#### [Records for processing]
------------------------------
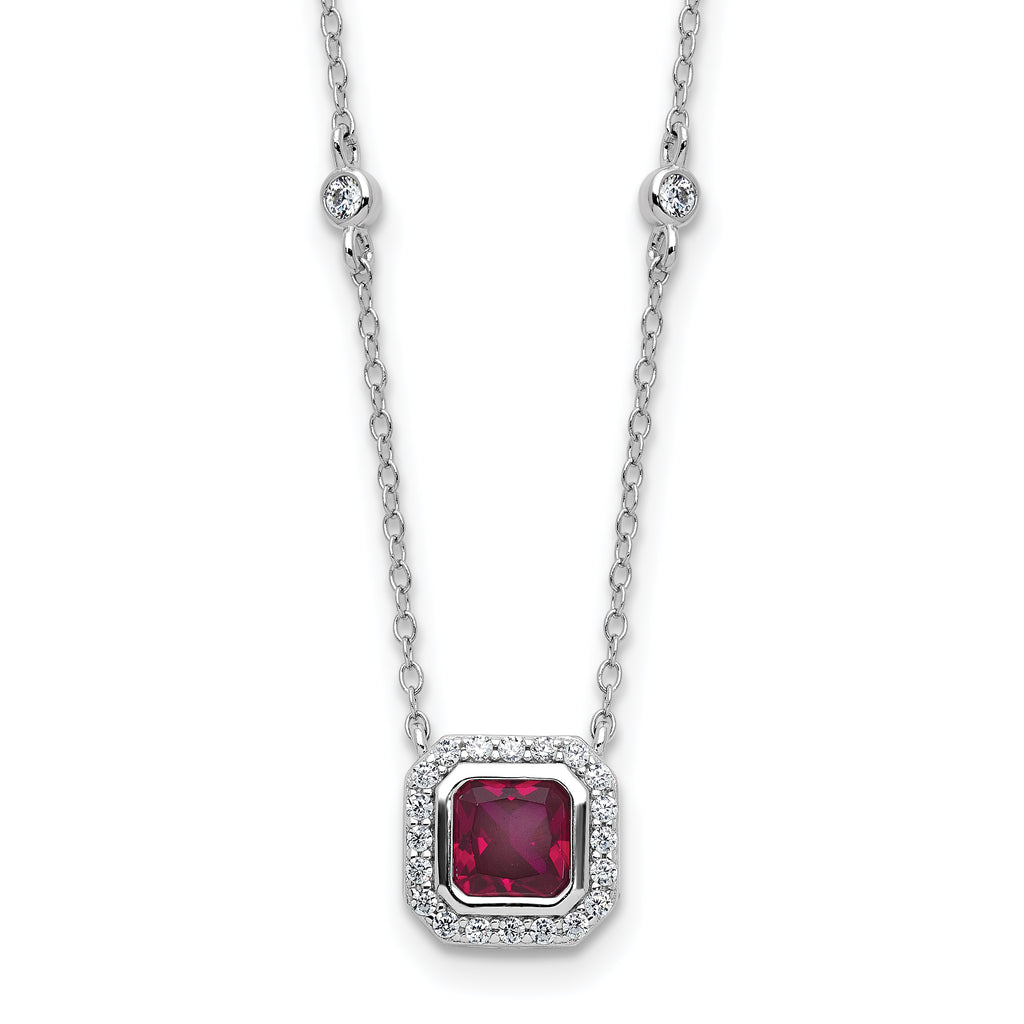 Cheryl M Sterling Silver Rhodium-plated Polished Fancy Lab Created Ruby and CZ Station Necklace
------------------------------
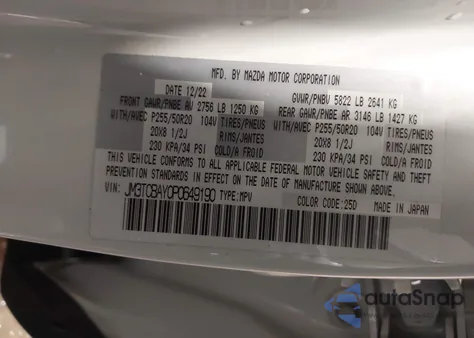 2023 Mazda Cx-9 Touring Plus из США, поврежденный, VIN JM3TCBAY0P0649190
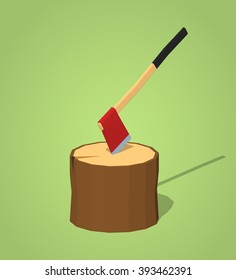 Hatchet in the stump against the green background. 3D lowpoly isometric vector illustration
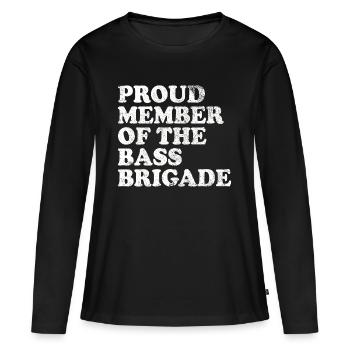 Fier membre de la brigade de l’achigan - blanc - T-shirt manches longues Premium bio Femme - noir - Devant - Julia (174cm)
------------------------------
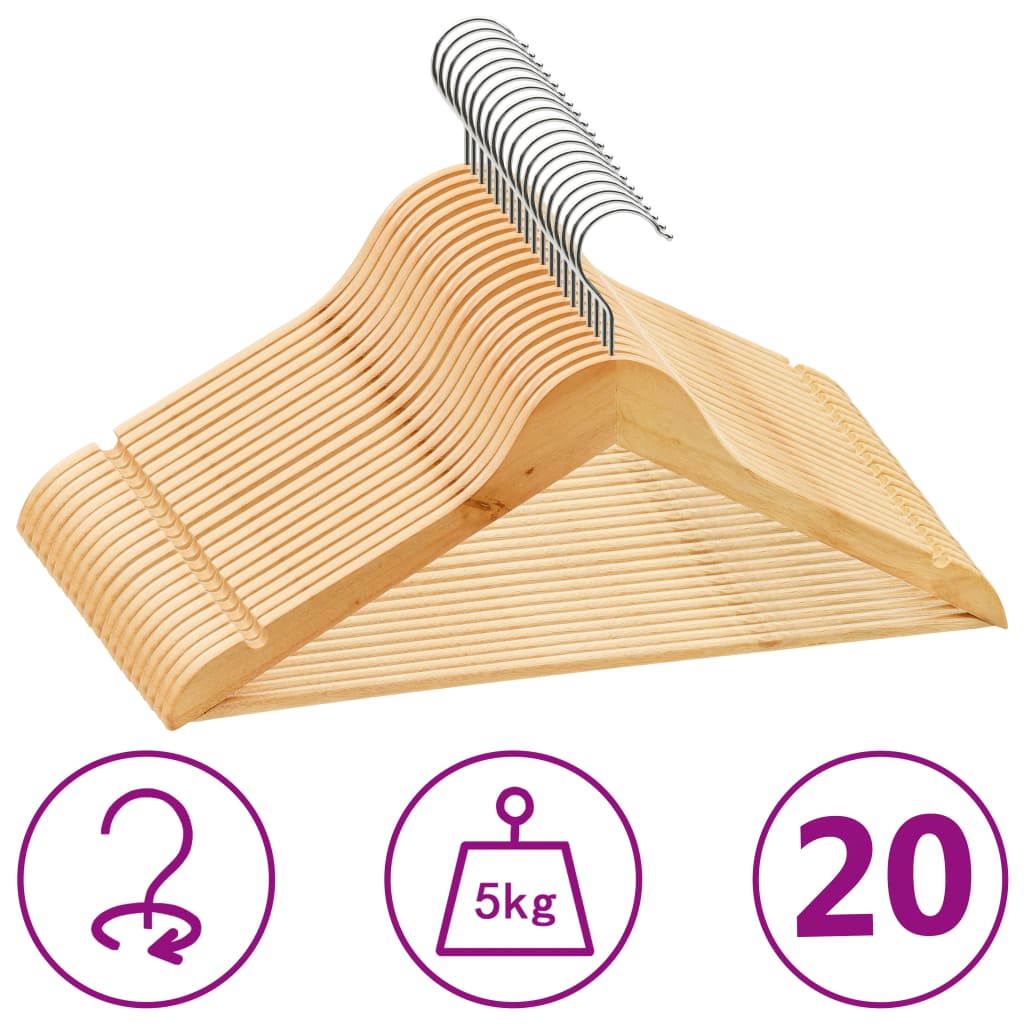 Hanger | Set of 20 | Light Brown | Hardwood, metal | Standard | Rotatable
------------------------------
#### [Task to complete]
Text only, no pictures: please print exactly the lines above from the line with "2023 Mazda Cx-9" up to and including the line with "Fier membre de", and nothing else.

#### [Written response]
 2023 Mazda Cx-9 Touring Plus из США, поврежденный, VIN JM3TCBAY0P0649190
 Hatchet in the stump against the green background. 3D lowpoly isometric vector illustration
 Fier membre de la brigade de l’achigan - blanc - T-shirt manches longues Premium bio Femme - noir - Devant - Julia (174cm)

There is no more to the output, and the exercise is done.